Part 1
A
city is looking for an answer to an interesting question they have been trying
to figure out and were not 100% sure how to go about it. Using data for Town X
a local newspaper made the claim that as the number of students who get free
lunches increases so does the crime rate for the designated areas.
Using
Regression Analysis in SPSS we can test to see if there is any type of
relationship between the two data sets that the newspaper claimed to be true.
For this test we were given data sets for multiple areas of town X, this data
include crime rate per 100,000 people and the percentage of students who were
on the free lunch program. I decided to use the crime rate as the dependent
variable and the percentage of students who receive free lunches as the
independent variable. I chose to do it this way because we are testing to see
if the crime rate increases as more students receive free lunches.
Therefore
for this test scenario, the crime rate is dependent upon how many students are
receiving the free lunches at school. An argument could be made to flip the two
variable and make the crime rate the independent variable and say the number of
students who get free lunches is dependent upon the crime rate, but for the
sake of this study I felt the originally mentioned way made the most sense.
I
initially created a scatter plot in Microsoft Excel to get a general idea if
there was any type of trend line associated with the data before I ran the data
through SPSS (figure 1). I found a
small linear relationship (based just on looking at it) and also found one set
of data that seemed way out of place, will address that issue later.

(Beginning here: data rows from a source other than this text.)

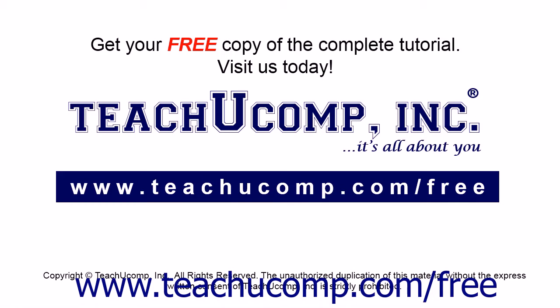Get your free copy of the complete tutorial at www.teachyoucomp.com/free.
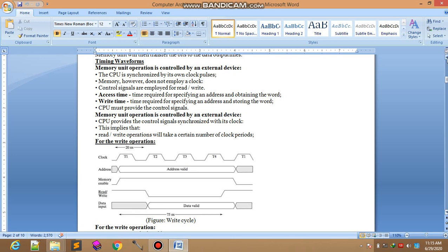The timing waveform memory unit operation is controlled by the external devices.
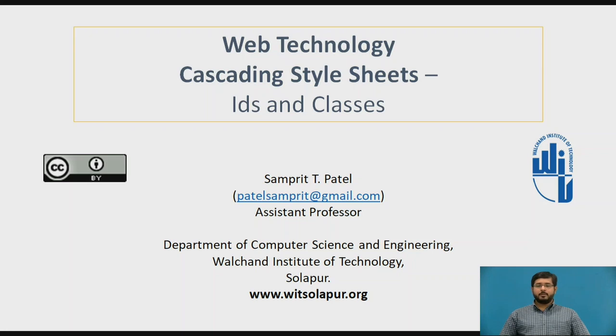Hello everyone, my name is Sampreet Patel, Assistant Professor, Department of Computer Science and Engineering, Walchand Institute of Technology, Sholapur.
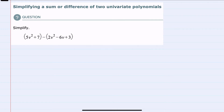We're asked to simplify, and we have two polynomials here being subtracted. So before combining like terms, I'm going to distribute that subtraction to each one of the terms in the polynomial that's being subtracted.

Figure 1: Chart created using Microsoft Excel showing the trend line |
After
performing regression analysis in SPSS I found an r2 value of .173
at a significance level of 0.005 (figure
2). With this data I can reject the null hypothesis because there is a
linear relationship between students who receive free lunches and the crime
rate. The town then had a new area which has 23.5% of students receiving free
lunches and wanted to know what the potential crime rate could be. Using the
equation Y = 21.819 + 1.685(x) and
inserting 23.5 in for X we get a crime rate of 61.4165 per 100,000 people. When
asked how confident I am about the data I cannot give a full certainty answer
because the graphs only can account for about 17% of the data.
Figure 2: The data gathered from running regression analysis on the crime/lunch data |
As
mentioned before there was one outlier in the data. Curious to what the data
would look like I deleted it and ran the regression analysis again using the
same dependent and independent variables as before. After running the test the
r2 value nearly doubled to 0.389. The crime rate per 100,000 people
also declined to 60.816 when the students who receive free lunches is at 23.5%.

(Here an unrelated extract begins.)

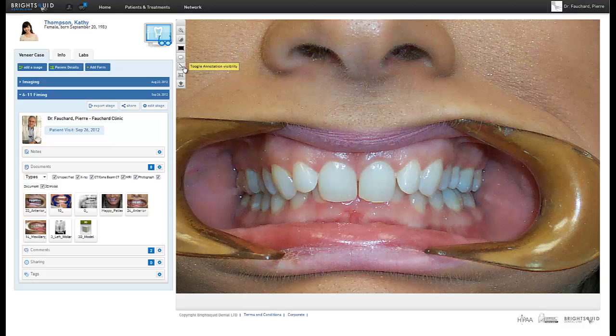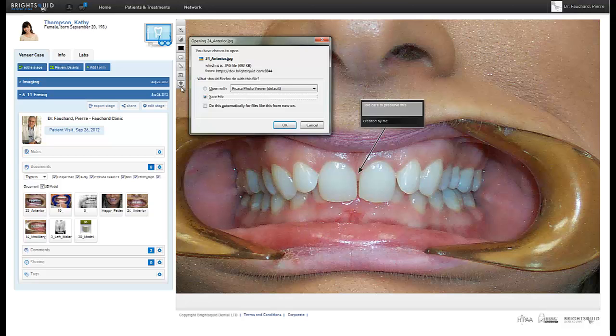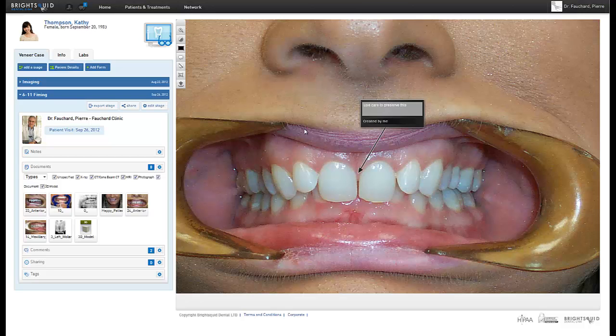If the annotation box is hiding an important portion of the image, use this button to toggle the annotation's visibility. This is the reset image button, which we have already discussed. And finally, download the original file — clicking here will initiate the download of the image file.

If we chose this data set instead of the original data we can be much more
confident with our answer because the model can explain almost 40% of the data.

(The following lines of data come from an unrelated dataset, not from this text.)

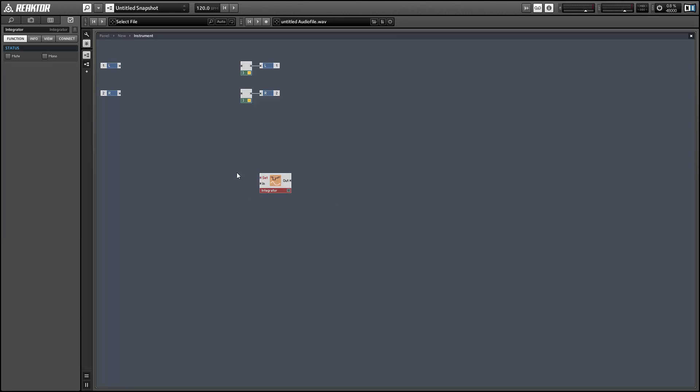So the integrator module has two inputs. The first input allows you to set the value of the integrator, and the second input determines how fast the value changes per millisecond.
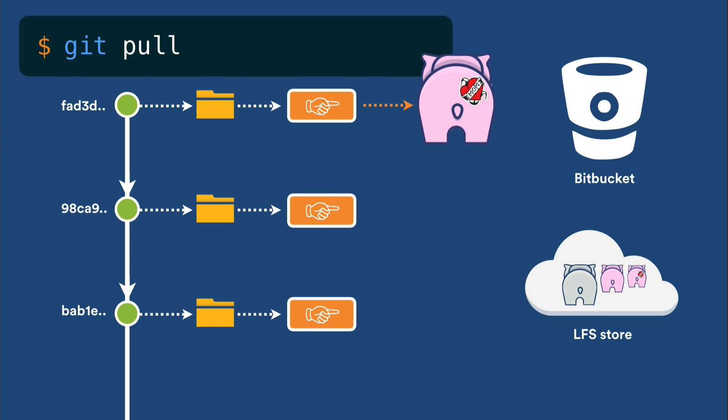As a developer, you never see these pointer files on disk, as Git LFS transparently swaps them out when you stage your changes. They're also swapped out automatically when you check out a previously existing commit. This means you can add, check out, pull, and push as normal, without learning any new commands.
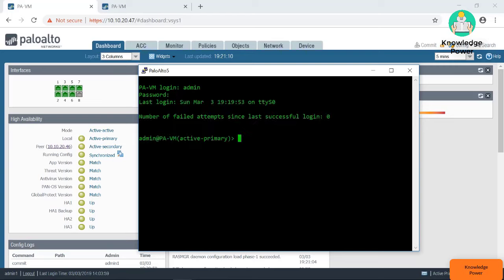Show commands are very useful when you're trying to find something you can't find on the GUI. For example, 'show high-availability state' — press space bar, press '?', select 'state'. It tells me I'm currently active-active and the active primary unit of this cluster, and I've been in that state for the last six hours. You can find information more easily through the console. You'll get that information faster if you're troubleshooting and need it right away. That's why it's important to get familiar with the console.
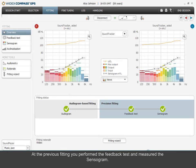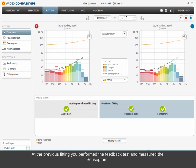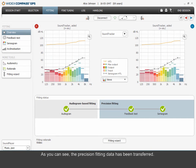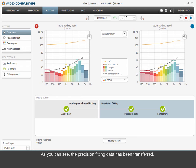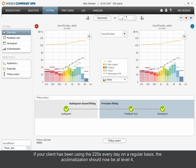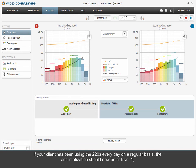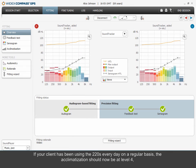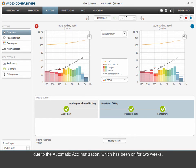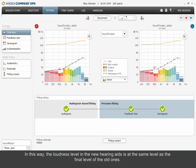At the previous fitting, you performed the feedback test and measured the sensorgram. As you can see, the precision fitting data has been transferred. If your client has been using the 220s every day on a regular basis, the acclimatization should now be at Level 4 due to the automatic acclimatization, which has been on for 2 weeks. In this way, the loudness level in the new hearing aids is at the same level as the final level of the old ones.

The equation used for this was Y = 31.77
+ 1.236(x) where X was 23.5.
Part 2
Methods
The
second part of this assignment is to analyze and interpret any statistical
patterns amongst the data for UW School Students out of the 72 Wisconsin
Counties. This data is only looking at students from the State of Wisconsin, a
student is considered from Wisconsin if their permanent address is located
within the state boundary. For this section we will be using ESRI Arc Map and
SPSS software to compile different numerical features for the data set.
I
decided to use the University of Wisconsin- Oshkosh as my other school to test,
along with the University of Wisconsin-Eau Claire. Using the excel spread sheet
we were given, it contained information on every county including, population,
people under the age of 24, people who have Bachelor’s Degrees, distance from
the center of the county to the respected university, median house hold income
and how many students from the county attend the respected University.
The
first step was to normalize the county population for both schools. This was
done by created two additional columns in the excel spreadsheet, one for each
of the schools. Using the total population of the county and dividing it by the
distance from either UWEC or UWO. We were tasked with running three
independent/dependent variable tests on each of the schools and mapping out
those that were significant in ArcMap. For it to be considered significant, we
would be rejecting the null hypothesis therefore assuming there is a linear
relationship between the two data sets.
The
six tests run were (dependent variable is always listed first followed by the
independent variable);
1-Number
of Students Attending UWEC from the respected counties (EAU) and Population
Normalization
2-Number
of Students Attending UWO from the respected counties (OSH) and Population
Normalization
3-(EAU)
and Percentage of People living in each county who hold a bachelor’s degree
4-(OSH)
and Percentage of People living in each county who hold a bachelor’s degree
5-(EAU)
and Median Household income for the respected County
6-(OSH)
and Median Household income for the respected County
Of
the 6 hypotheses tested, only one failed to reject the null hypothesis. That
one was number 5, I did not find a linear relationship between the Number of
Students Attending UWEC from the respected counties and the median household
income from the respected county. The other 5 all showed at least some linear
relationship and will be broken down further in the results section.
Using
the five hypotheses that showed significant linear relationship, we had to map
the residuals of the data. Residuals are the distance each data point is above
the best fit line. Otherwise stated, it is the distance between the observed
and the expected value. So if you had an observed value of 5 for a given point,
and the expected value for the same given point was 3, you would have a
residual of 2 for that one point.
Instead
of having to go through this for each point by hand, SPSS can do it very
quickly and also store the value in the database. After running this five
times, for each of the hypotheses found significant, save the file as a
database and import it into ArcMap.
Once
in ArcMap using ordinary least squares regression analysis it will become visible
which counties are significantly greater than the mean, or less than.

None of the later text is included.